On the other hand, IMAP and MAPI users have the option of leaving their email on the server, though they can make copies on their own workstation.
All Outgoing mail uses the Simple Mail Transfer Protocol (SMTP). Its objective is to transfer mail reliably and efficiently. SMTP is the only protocol used to transport mails across networks, usually referred to as SMTP Mail Relaying.
SMPT Basic Structure
Sample Email Header and Fields of Interest
Below are the email headers for one of the Malspam campaigns found to distribute JAFF ransomware. The ones marked in BOLD are the interesting headers for performing hunting.
Received: from breakawaydistributing.com ()
by creativedude248726@gmail.com;
Tue, 11 Apr 2017 14:12:51 +0000 (UTC)
Message-ID: <D5342094.84830072@breakawaydistributing.com>
Date: Tue, 11 Apr 2017 07:12:24 -0700
Reply-To: “USPS International” <lrnvaoy1467488@breakawaydistributing.com>
From: “USPS Ground” <lrnvaoy1467488@breakawaydistributing.com>
User-Agent: Mozilla/5.0 (Windows; U; Windows NT 5.1; en-GB; rv:1.8.1.14) Gecko/20080421 Thunderbird/2.0.0.14
X-Accept-Language: en-us
MIME-Version: 1.0
To: creativedude248726@gmail.com
Subject: Our USPS courier can not contact you parcel # 754277860
Content-Type: text/plain;
charset=”us-ascii”
Content-Transfer-Encoding: 7bit
Email headers can be parsed online with the help of below tools,
However, in some cases due to the confidentiality of the mail and due to organizational policies, you might be refrained from using these online tools.
I’ve made a simple tool emailHeaderParser which can be used offline mentioned in the references.
Email Abuse Overview
Email still remains the preferred threat vector for most threat actors to deliver malicious payloads to victims. As per statistics from Securelist, Mal Spam has contributed to more than 66% to attacks globally.
Typically, below are the various types of Email abuse that we come across in the cyber realm.
- Mal SPAM Malicious payloads
- As Attachments (zip archives, MS Office documents, PDF etc]
- A malicious URL in the body which downloads a payload
- SPAM often clubbed with social engineering techniques and by spoofing display names pretending to be from legit brands
- Business Email compromise [CEO Attacks, Spear-Phishing] targeting individuals
- Emails targeting Individuals or Entities with an intent of Threatening
All the above forms of attack attempts to trick the victims to either open the attachment, click on the URL or act on the mail which would be devastating at a later stage.
From an investigation perspective, the email headers that we have discussed in the earlier sections are all helpful to track back to its origin and to immediately respond with appropriate measures like blocking the source etc.

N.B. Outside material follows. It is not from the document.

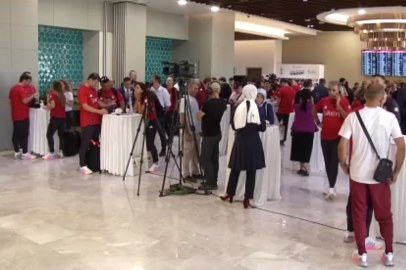 Milli sporcular, olimpiyat oyunları için Paris’e uğurlandı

The richer the messaging media, the more opportunity for the adversaries to camouflage malicious content within the rich content.

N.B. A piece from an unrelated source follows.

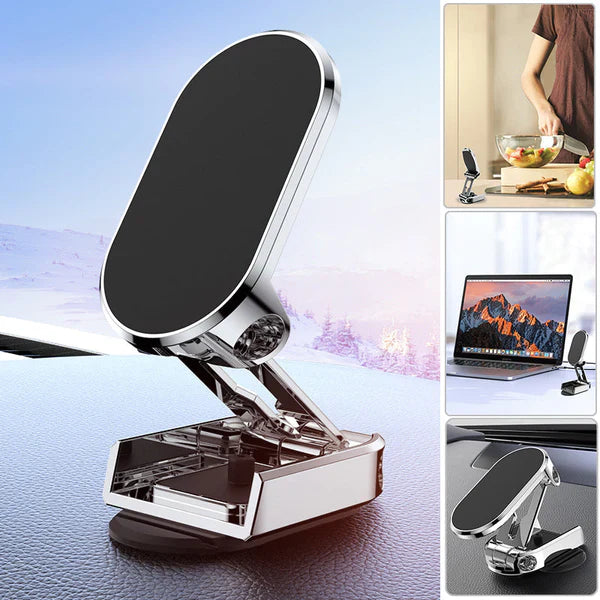 SUPPORT DE TÉLÉPHONE DE VOITURE PLIANT EN MÉTAL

However, with all the sophistication on the malicious actor end, it is necessary to understand what the actual embedded data are, where it is coming from, whether the source has been spoofed or not, and so on.
Methods for Hunting:
Tracking Back to the Source
The FROM header helps identify the sender of the mail. However, that can be spoofed. So, most of the time, this may not be a vital data point. However, in widespread campaigns, the same sender might be used for all the mail sent. To overcome SPAM filters, attackers have come up with new technique called a “Hailstorm” attack where every sender is unique.
The FROM address could be searched across the Internet with the help of Google Dorks to see if there is any history for this and if anyone else has already observed this.
From: "USPS Ground" <lrnvaoy1467488@breakawaydistributing.com>
The RECEIVED header is another vital information source which helps to understand where the mail has traversed (or “hopped”). Basically, these hops would be mail relays & servers. With this header, the sender’s infrastructure and location could be located through the IP Address that gets captured– that helps with attribution. From there, these IP addresses can be checked against existing blacklists to identify anything malicious.
The REPLY-TO field is normally filled in with the email address for replying to the message. This is another sign of the email to be malicious.
The MESSAGE-ID field provides a nice clue as to the actual origin of the mail. Message-identifiers are supposed to be unique identifiers and a common technique is to use the date and time of the message generation as the source of the first part of the message ID. This along with the Date field helps us to identify the country from where the email has originated. Lastly, the domain information in the message ID helps to identify the actual domain associated with this email.
Message-ID: <D5342094.84830072@breakawaydistributing.com>
Leveraging Threat Intelligence
Message-ID: <D5342094.84830072@breakawaydistributing.com>
There are numerous threat intel vendors who offer premium services and maintain the inventory of these malicious actors. Also, there are a few open source threat intel sites which carry information about malicious email actors. So, it’s always a good idea to compare the captured email headers to known IOCs to understand if the email was part of a targeted attack or just general spamming. With email fraud continuing to rise, new ways of securing attribution (especially by leveraging email threat intelligence) is highly recommended in addition to your other security practices.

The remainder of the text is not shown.